*** RECORDS ***

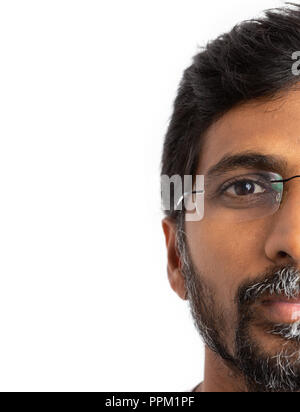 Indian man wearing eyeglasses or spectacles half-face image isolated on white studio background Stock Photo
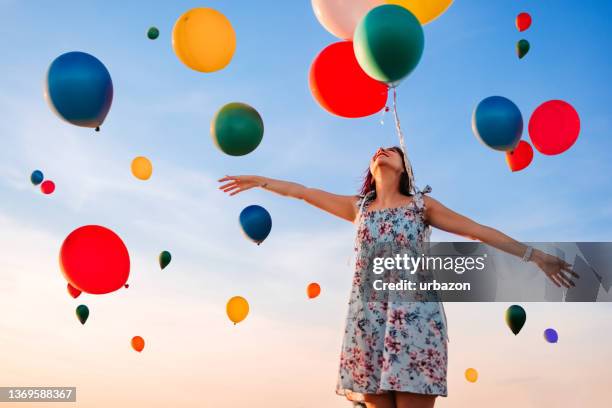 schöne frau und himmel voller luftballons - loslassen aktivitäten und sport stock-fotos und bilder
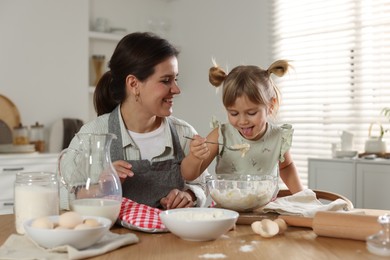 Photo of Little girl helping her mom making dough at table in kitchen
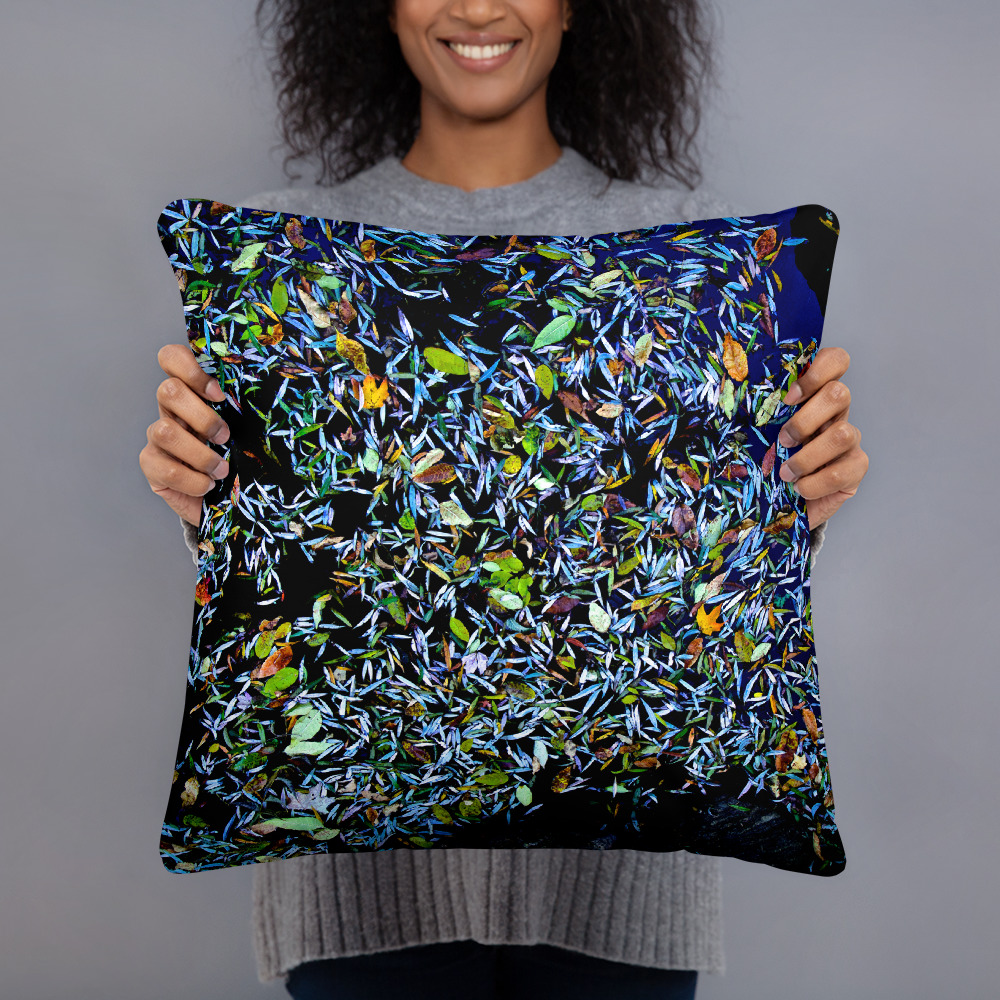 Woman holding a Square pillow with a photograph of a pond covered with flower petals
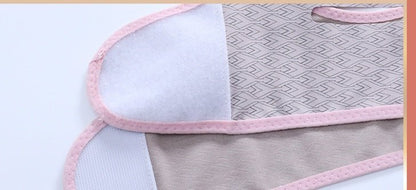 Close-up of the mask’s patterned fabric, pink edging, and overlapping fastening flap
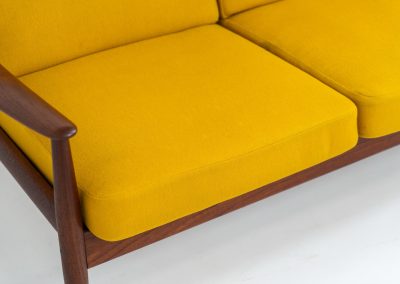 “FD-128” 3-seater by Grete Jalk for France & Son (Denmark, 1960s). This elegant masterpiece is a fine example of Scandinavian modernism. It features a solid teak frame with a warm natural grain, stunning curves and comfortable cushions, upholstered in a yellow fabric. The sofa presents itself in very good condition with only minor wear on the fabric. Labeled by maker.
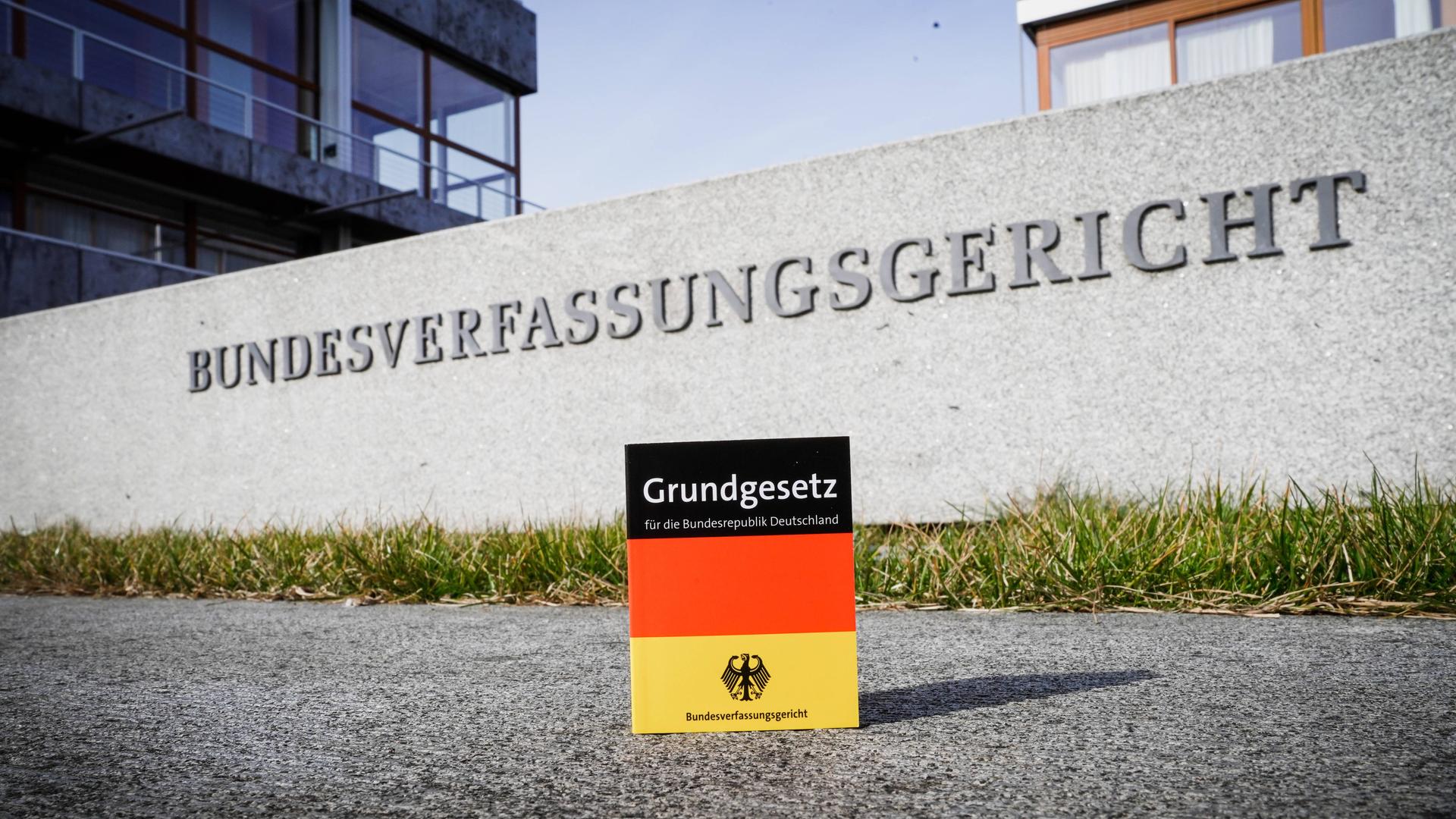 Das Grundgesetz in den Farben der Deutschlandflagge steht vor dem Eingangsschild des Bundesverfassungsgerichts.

*** End of RECORDS ***

_INSTRUCTIONS FOR THE TASK:_
Pictures do not belong in the copy. Reproduce the rest of the data exactly.

_REPLY TO THE EXERCISE:_
 Indian man wearing eyeglasses or spectacles half-face image isolated on white studio background Stock Photo
 schöne frau und himmel voller luftballons - loslassen aktivitäten und sport stock-fotos und bilder
 Photo of Little girl helping her mom making dough at table in kitchen
 Woman holding a Square pillow with a photograph of a pond covered with flower petals
 Close-up of the mask’s patterned fabric, pink edging, and overlapping fastening flap
 “FD-128” 3-seater by Grete Jalk for France & Son (Denmark, 1960s). This elegant masterpiece is a fine example of Scandinavian modernism. It features a solid teak frame with a warm natural grain, stunning curves and comfortable cushions, upholstered in a yellow fabric. The sofa presents itself in very good condition with only minor wear on the fabric. Labeled by maker.
 Das Grundgesetz in den Farben der Deutschlandflagge steht vor dem Eingangsschild des Bundesverfassungsgerichts.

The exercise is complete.